Phoenix Preschool operates under the Early Childhood Curriculum (Te Whariki) which supports development of attitudes, skills and knowledge for a successful transition to school.
Children moving from an early childhood setting to the early years of school will need to develop skills such as self-care, independence, able to problem solve, work within a group, communicate and share ideas, listen and follow instructions. The early childhood curriculum is founded on the aspirations that children will ‘grow up as competent and confident learners and communicators, healthy in mind, body and spirit, secure in their sense of belonging and in the knowledge that they make a valued contribution to society’ (MOE 1996,p.9).
Key teachers, work with all parents and children on their individual learning journey to develop goals and extending knowledge based on their interests and enhancing dispositions.
Opportunities for the older children to develop skills for formal learning at Phoenix, happens naturally in our environment as well as at set group times. Each day, a set group time is provided, alongside the current group focus. These group times are planned and supervised by a teacher and may include things such as enhancing scissor skills, writing, drawing, letter recognition, researching topic knowledge as well as working and listening to others’ ideas.
4 year olds are encouraged to take a leadership role at Phoenix, teaching and supporting younger tamariki to develop skills and share knowledge. At lunchtime, 4 year olds eat their kai outside, alongside a teacher. This time is designed to support lunchbox and food management. Just as it will be at school, students have to open lunch boxes and food, and eat sitting on the ground. This lunchtime is also an opportunity for teachers to lead a news time, talk about the letter of the week or read a story.

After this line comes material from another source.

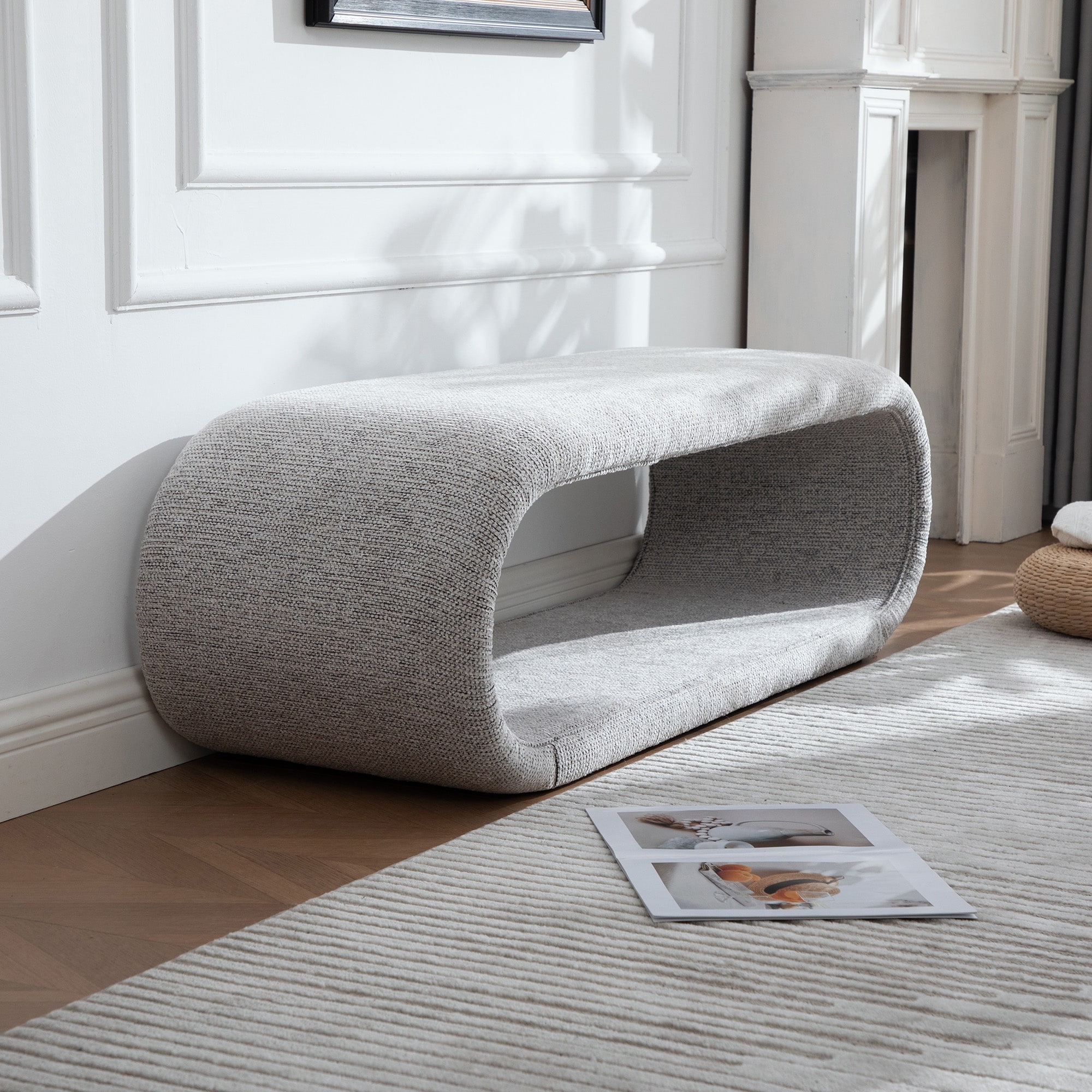 52.2''W Modern Chenille Upholstered Bench, Entryway Shoe Bench Stool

Phoenix Preschool uses a phonic-based programme called “Letterland”. www.letterland.co.nz It is a unique phonic approach that supports and development of reading, writing and spelling. Pictograms characters are used to explain word sounds and shapes. The letters live in an imaginary place called letter land and their stories develop imagination and activate memory. A new letterland letter is introduced every 2 weeks at Phoenix, often alongside a focus or interest, for example Summer – Sammy Snake’s letter Ss or Holidays – Harry Hatman’s letter Hh. The letter is displayed along with any children whose name starts with that letter. Songs, activity sheets and stories are used to extend knowledge of sounds and letter formation.

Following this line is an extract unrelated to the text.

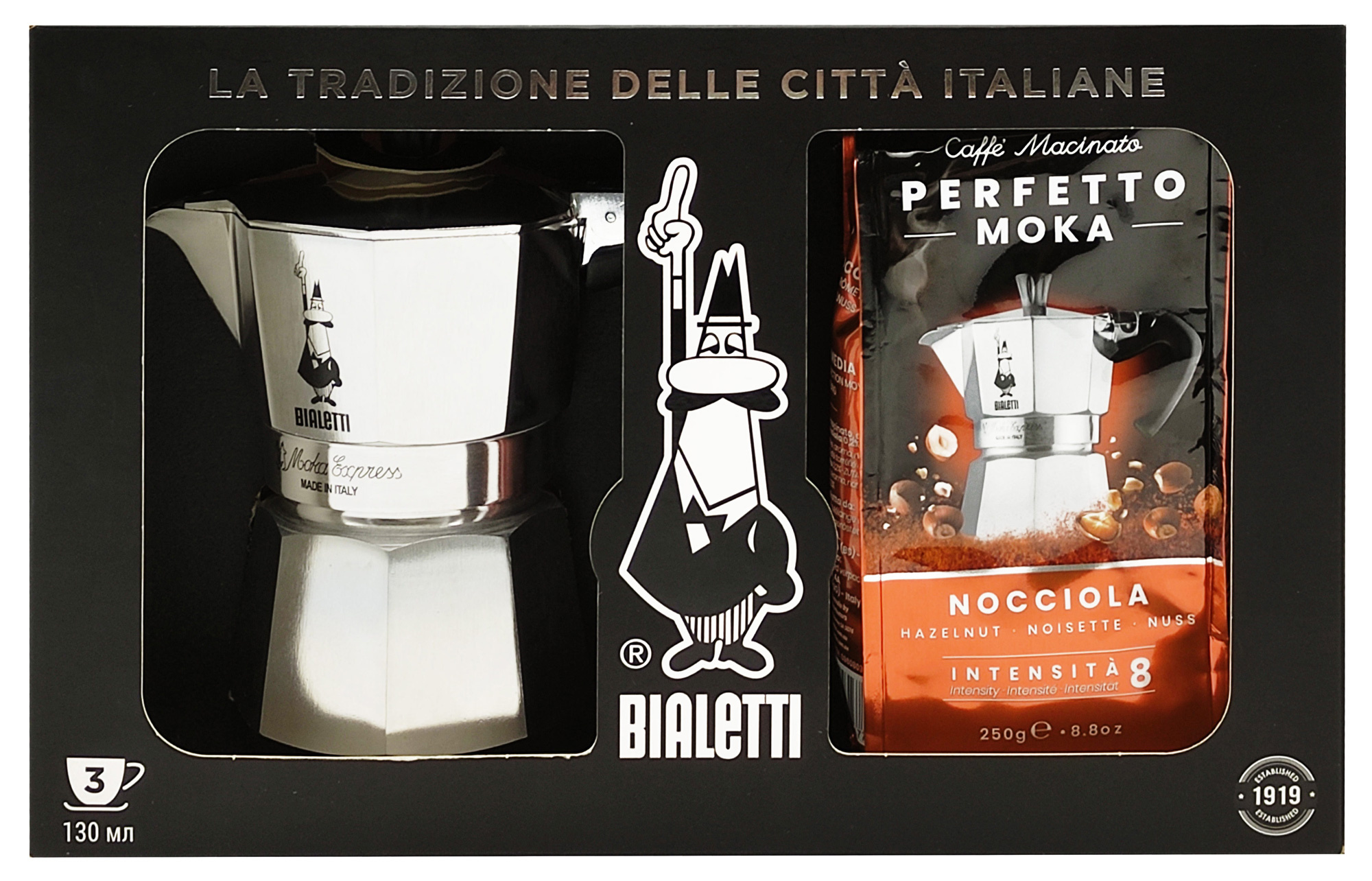  Bialetti Moka Express 3  +   Nocciola 250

Phoenix Preschool students feed into many Mid Canterbury Schools. In the past, we have facilitated small group visits to neighbouring schools to support the transition process. This has help many four year olds become familiar with the school playground, toilet area, introduced them to their teacher, classmates and to the routines of the school classroom. Copies of the local school news letters are displayed on the parent notice board along with any school open day invitations. Phoenix Preschool also have a transition to school folder to help parents who haven’t decided on the school of their choice, with helpful information regarding choosing the right school for their child.